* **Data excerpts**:
▼

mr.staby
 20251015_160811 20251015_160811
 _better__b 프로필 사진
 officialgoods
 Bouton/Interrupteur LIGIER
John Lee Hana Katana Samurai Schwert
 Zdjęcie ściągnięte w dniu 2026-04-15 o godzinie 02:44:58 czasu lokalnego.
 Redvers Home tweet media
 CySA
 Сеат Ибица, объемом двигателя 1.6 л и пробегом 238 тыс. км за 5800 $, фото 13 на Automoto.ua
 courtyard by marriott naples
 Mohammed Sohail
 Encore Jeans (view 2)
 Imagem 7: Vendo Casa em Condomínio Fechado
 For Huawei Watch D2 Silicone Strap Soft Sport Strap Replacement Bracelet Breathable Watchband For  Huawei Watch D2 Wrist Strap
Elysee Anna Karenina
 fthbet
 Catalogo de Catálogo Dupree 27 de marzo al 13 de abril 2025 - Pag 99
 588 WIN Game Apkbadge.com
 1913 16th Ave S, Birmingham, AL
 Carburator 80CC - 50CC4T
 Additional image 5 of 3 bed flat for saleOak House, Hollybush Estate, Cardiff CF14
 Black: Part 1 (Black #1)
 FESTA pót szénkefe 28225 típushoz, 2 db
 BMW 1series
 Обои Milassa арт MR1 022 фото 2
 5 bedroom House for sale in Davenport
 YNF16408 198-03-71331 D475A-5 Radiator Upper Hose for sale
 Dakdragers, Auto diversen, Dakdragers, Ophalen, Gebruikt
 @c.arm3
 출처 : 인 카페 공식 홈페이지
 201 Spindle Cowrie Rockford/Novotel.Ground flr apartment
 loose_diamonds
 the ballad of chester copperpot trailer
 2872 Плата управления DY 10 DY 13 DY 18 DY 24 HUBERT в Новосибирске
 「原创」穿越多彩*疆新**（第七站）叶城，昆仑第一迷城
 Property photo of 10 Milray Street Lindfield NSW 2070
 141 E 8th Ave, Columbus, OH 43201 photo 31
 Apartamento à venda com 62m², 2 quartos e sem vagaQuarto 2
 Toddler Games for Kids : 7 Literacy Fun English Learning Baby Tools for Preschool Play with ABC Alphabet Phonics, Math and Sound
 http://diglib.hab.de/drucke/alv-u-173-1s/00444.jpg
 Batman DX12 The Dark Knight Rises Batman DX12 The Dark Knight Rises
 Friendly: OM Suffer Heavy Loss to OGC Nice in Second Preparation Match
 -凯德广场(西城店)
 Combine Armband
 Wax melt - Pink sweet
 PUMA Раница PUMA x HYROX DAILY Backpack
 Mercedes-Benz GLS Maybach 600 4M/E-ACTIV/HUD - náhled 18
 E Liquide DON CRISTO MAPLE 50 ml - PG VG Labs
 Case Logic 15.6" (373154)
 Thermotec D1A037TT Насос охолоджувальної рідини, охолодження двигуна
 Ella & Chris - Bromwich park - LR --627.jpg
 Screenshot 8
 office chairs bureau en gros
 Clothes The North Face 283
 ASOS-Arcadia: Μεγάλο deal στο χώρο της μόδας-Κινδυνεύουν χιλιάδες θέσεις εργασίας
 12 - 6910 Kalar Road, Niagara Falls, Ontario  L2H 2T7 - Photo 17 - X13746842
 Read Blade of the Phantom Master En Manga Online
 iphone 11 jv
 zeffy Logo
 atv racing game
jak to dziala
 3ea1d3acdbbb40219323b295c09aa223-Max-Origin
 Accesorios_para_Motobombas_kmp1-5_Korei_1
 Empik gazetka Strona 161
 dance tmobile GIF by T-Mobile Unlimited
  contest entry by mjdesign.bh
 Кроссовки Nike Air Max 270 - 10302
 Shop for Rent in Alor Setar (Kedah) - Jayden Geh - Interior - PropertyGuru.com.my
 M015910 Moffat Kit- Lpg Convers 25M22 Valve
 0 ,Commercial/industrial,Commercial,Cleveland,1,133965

▲

* **Problem**: When the line containing "Imagem 7: Vendo Casa em Condomínio Fechado" is reached, include it and stop. Until then, output each line of the entries exactly as given, starting from the first.

* **Worked solution**:
mr.staby
 20251015_160811 20251015_160811
 _better__b 프로필 사진
 officialgoods
 Bouton/Interrupteur LIGIER
John Lee Hana Katana Samurai Schwert
 Zdjęcie ściągnięte w dniu 2026-04-15 o godzinie 02:44:58 czasu lokalnego.
 Redvers Home tweet media
 CySA
 Сеат Ибица, объемом двигателя 1.6 л и пробегом 238 тыс. км за 5800 $, фото 13 на Automoto.ua
 courtyard by marriott naples
 Mohammed Sohail
 Encore Jeans (view 2)
 Imagem 7: Vendo Casa em Condomínio Fechado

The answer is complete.